Q: Observational data will likely have outliers. How would one address outlier data to make sure that the outliers don't skew the model?

A: A good way to highlight outliers is using Cook's distance. Then, after identifying any possible outliers, you can remove them from the model using a "Hide and Exclude" row state.

Q: is the goal to have the lowest AICc possible?

A: When comparing different models, a lower AICc helps determine the better model. A rule of thumb is an AICc difference value of ~5 between one model and another basically tells you both are pretty equivalent.

Q: Why did you remove pressure from the model when the p-value less than 0.0001?

A: This is a good example of incorporating process knowledge to refine model. In this example we knew, gas flow and pressure are related.  So, perhaps gas flow is enough to help measure the process. 

Q: You mentioned we can use process understanding, for example eliminate two closely related terms that remain in the model. Is there a way to identify multicollinear factors using a mathematical tool in JMP (VIF, etc.) if you may not know about every term in the process?

A:  Yes, here is a quick video on this:  https://community.jmp.com/t5/Statistical-Thinking-for/Assessing-Multicollinearity/ta-p/271968 and also some short  demos by one of our JMP Statistical Educators: https://community.jmp.com/t5/Deeper-Dives/A-Deeper-Dive-Into-Multicollinearity/ta-p/674508.

Q: Why don't you use Full Factorial design?

A; Full Factorial is very rigid in the number of runs you have to run and is going to be looking for terms that might not be significant at all. Using custom design, we can chose the type of model we want to build and can constrain the number of runs based on our business needs and limitations.

Q: Are there any tools or methods to help identify and/or visualize the space explored by the existing data, like a scatter plot tool for more than 2 or 3 dimensions?

A: Certainly. Graph>Scatterplot 3D. And for 4D you could use colored row states to highlight a 4th dimension on a 3d plot.

Q: With evaluation of process data on the fly we are certainly a slave to the variability /control of the hardware used across the process selected per variable monitored.  Less variability or No variability could be a function of better control.  The other issue is gage based -> How well does the tool measure these variables?

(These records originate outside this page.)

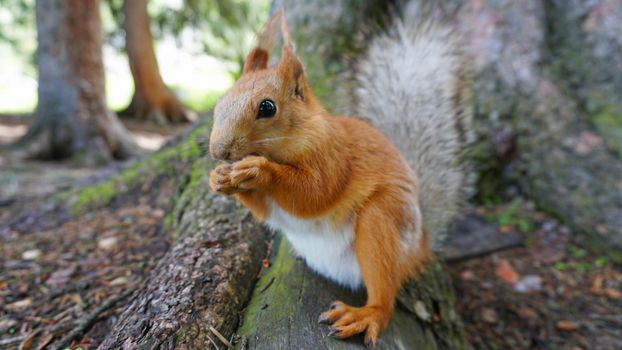 A red squirrel with a bushy tail nibbles a nut. I look at the camera. Forest environment. Green moss on trees. The squirrel tries to grab the camera. Funny forest animal.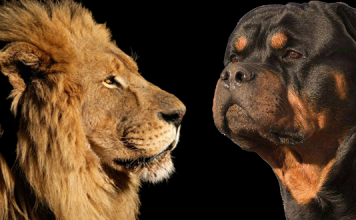 Rottweiler Temperament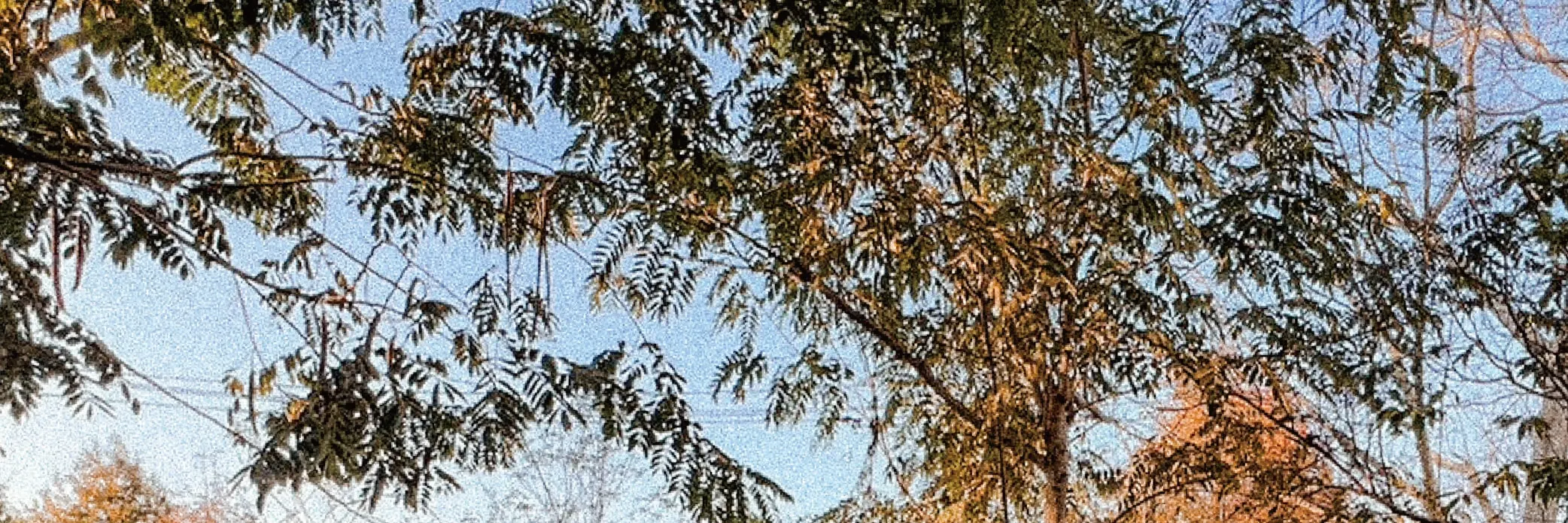水与松萌萌园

That will likely come out in the overall signal to noise. It is a little dangerous to

Q: Could we use the model RMSE from the observational data to help inform our estimate of the anticipated RMSE in the Design Evaluation>Power Analysis?

A: That is not appropriate in this context.  Walds qui square or t ratio are better for that. RSME in DOE is an expectation and useful when doing experiment design.

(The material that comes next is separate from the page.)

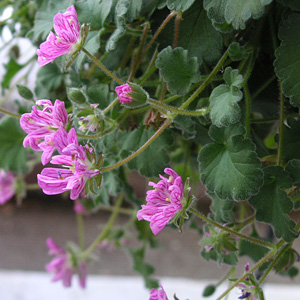 ヒメフウロソウ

Q: Is Stepwise as an alternative method for picking significant terms.?

A: Stepwise, can be powerful. But, essentially you're still building a standard least squares model and selectively bringing terms in and out based on some criteria. The shrinkage methods and the methodology that we used are estimation methods  better suited to deal with some of the issues that we have with observational data. If you want to do due  diligence, of course you can try Stepwise also, but it carries some of the same challenges as Standard Least Squares.

Q: Because we use a tight range of factors to draw a model and identify the active term, do we have to test a similar range in the Custom Design? Should we build the model to  model out to what we're actually going to test in the DOE?

A: No. We  are extremely limited with observational data, for the reasons that I mentioned. But that doesn't mean that we need to be limited in our design experiment. Really, all we're trying to figure out in the model is what assumed model needs to look like. In the experiment, we still want to apply all the best practices for designed experiments and make sure that our levels for our factors are as wide apart as possible.

Some comments from attendees during the session:

• If you want to replicate your Predictor Screening output, you need to set/save a random seed.
• When using observational data, be super careful about missing values.  Depending on the platform/method being used, you can unintentionally drop entire runs/batches from your analysis. JMP also offers Informative Missing.